Balancing Your Writer’s Life

Ah. Writing. There are so many ideas, so many characters, so much internal and external conflict to wrestle with. I love getting my thoughts down onto paper or up onto computer screen (and drives). It feels wonderful to accomplish such a feat with so many other non-writing-related activities pressing in all around.

Wouldn’t it just be grand if writing was all there was to a writer’s life?

But it’s not all there is.

Of course, there’s the mental struggling with plot and character, and the writing it all down (or typing it). Writing is a very romantic career, and I don’t limit that to genre. There’s so much more. There is research, and revisions, and critique groups, and more revisions, and more research. There’s setting the story aside to decide later it needs a full rewrite. And checking your story word for word for silly little errors. Then you must search what to do with your completed story — agent, editor, self-publish, alternate, or trash it.

When your story is published, of course, you go on to writing your next story. That’s a given. While that happens, you also must coddle your already published toddler.

What does this coddling entail? Updating your website, being “visible” on social media sites, printing business cards for live encounters. There are book signings, speaking engagements, and follow-up, including evaluations, to all. To each of these coddling suggestions, I could write chapters.

My mantra has always been that family comes first. That said, it’s often difficult to find time to write when you have babies to care for, toddlers, work which pays bills, school activities, church activities, social activities, house, yard, etc. Surely, there are at least 33 hours in any given day, right? And who needs sleep? Yet, somehow, the writing bug wiggles deeply into people who work and have families and family activities.

Family always comes first, which means sometimes writing must be put on hold.

Writing demands discipline. You can finish stories one sentence at a time, or as Anne Lamott puts it, bird by bird–writing during your children’s nap times, and then compartmentalize it while you focus on other aspects of life, like your kids.

Discipline is also required for all the published book coddling. Organization of sales for tax purposes, keeping track of  your PayPal account with their automatic withdrawals, remembering to update your domain name each year (or every third), contacting places to speak, putting together talks and PowerPoint presentations for the various requests, making your author name and book title visible both on social media and face-to-face, advertising, press releases, media kits, updating everything and often…

Is there no end to what an author today must do?

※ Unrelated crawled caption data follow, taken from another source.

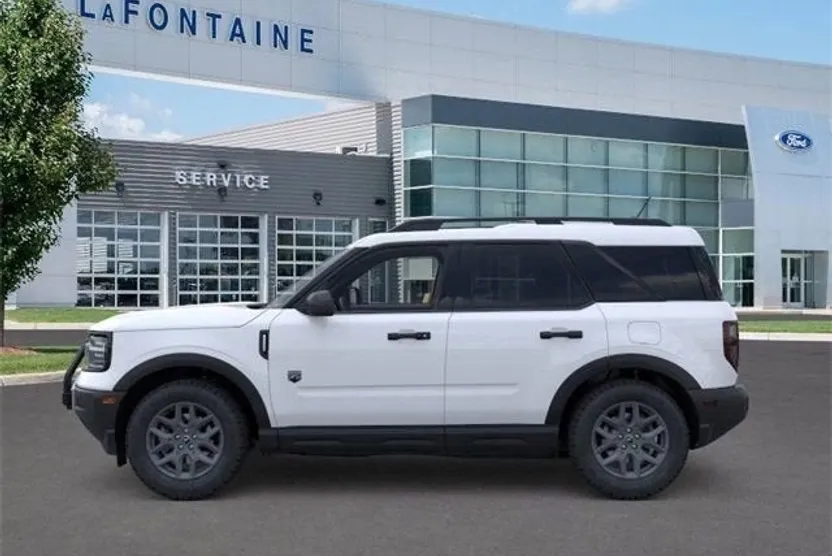 2025 Ford Bronco Sport Big Bend photo 1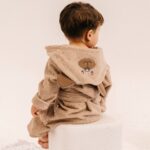 Халат банный (мишка)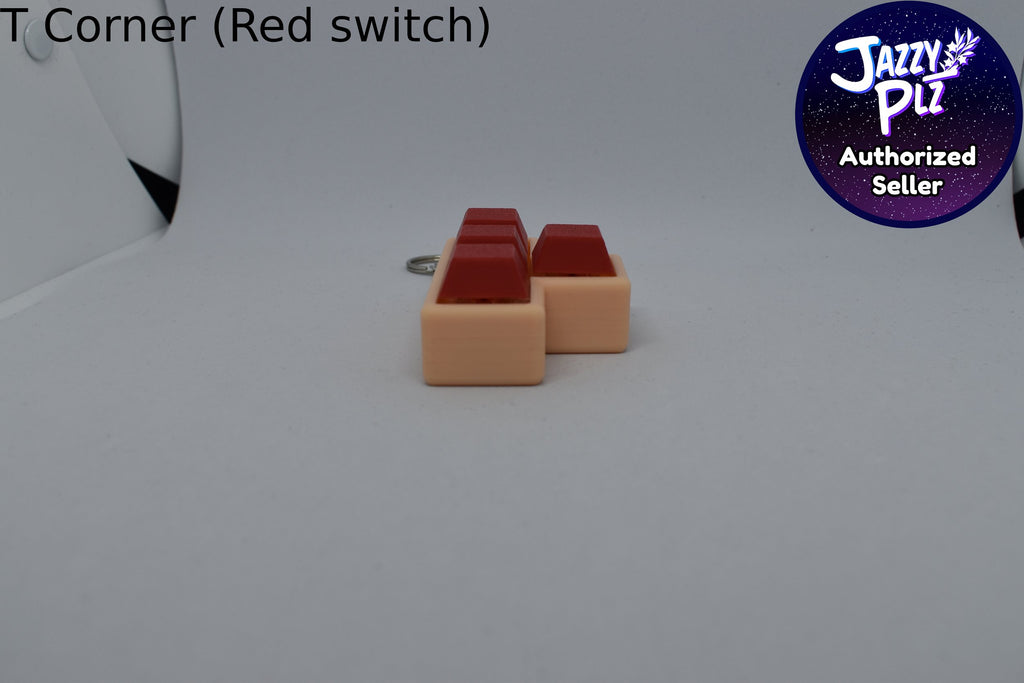 Keycap clickers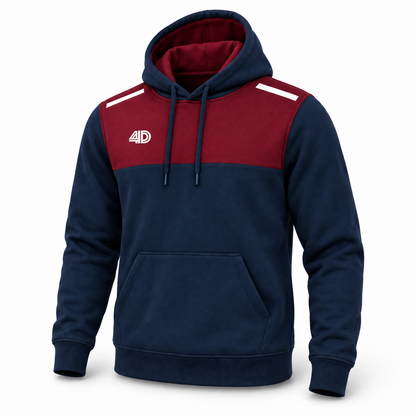 Custom Cricket Club Hoodie – product view 2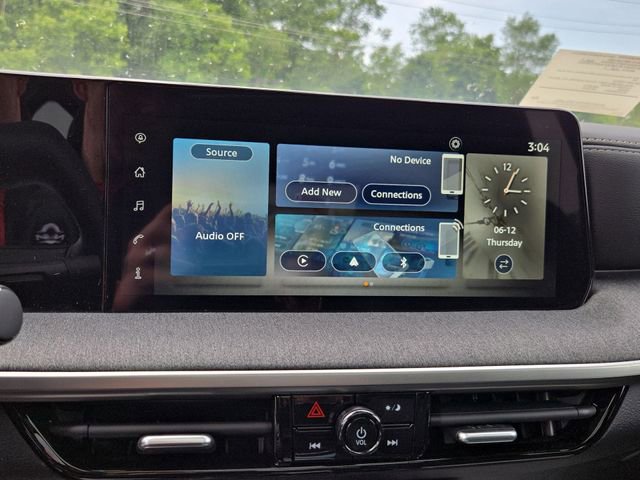 New 2026 Nissan Kicks SV w/ SV Premium Package AWD/4WD image 16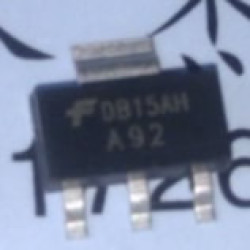 PZTA92 A92 5pcs/lot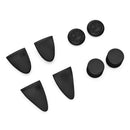 8 in 1 Rocker Caps L2 R2 Trigger Buttons for PS5 Thumb Stick Grip Cover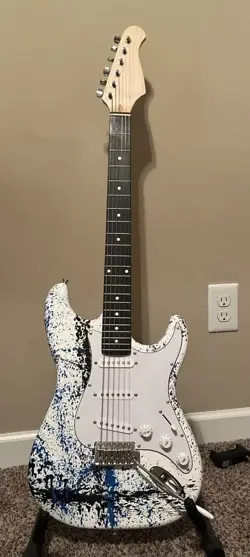 ELECTRIC GUITAR BASED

The short answer is no. So prioritize your time and what needs to be done. Focus. Be a disciplined person. Write. Market and promote. But most of all, hug and spend time with your loved ones.

Family v.s. Writing Time

Literature Blogs

One of my critique partners made several suggestions for writing during the holiday times. She asked on her 2009/12/27 blog (http://dramaquill.wordpress.com/) How do the holidays affect your writing habits? Besides being a friend, she’s a mind-reader, for I was thinking of blogging about the same thing. So… hey, what do you know? Here I go and do it, anyway, post-holiday.

I have always made family a priority. To me, nothing else (except my faith) could rate higher. If I were to spend so much time writing that I ignore my family, could I live with that decision? Family time these days is precious and wide-spaced in the year. I will never regret giving up “my writing time” to eat and laugh and play games and eat and tell family stories and eat some more, whenever they are present. It is not a hard decision for me. Besides, even in the best of times, with all my other commitments, I tend not to put in a 40-hour writing week. It is all about priorities.

So, in answer to my friend’s question, during the holidays, I take the time off writing to be with family. Then, when it’s all over (i.e., they leave), I go back to feeling guilty about postponing my writing for so long, take one last look at my company-clean house, and then plunge back into my normal, haphazard, unstructured (but productive) writing schedule.

(And now there’s a question for curious minds: Can a schedule be haphazard and unstructured?)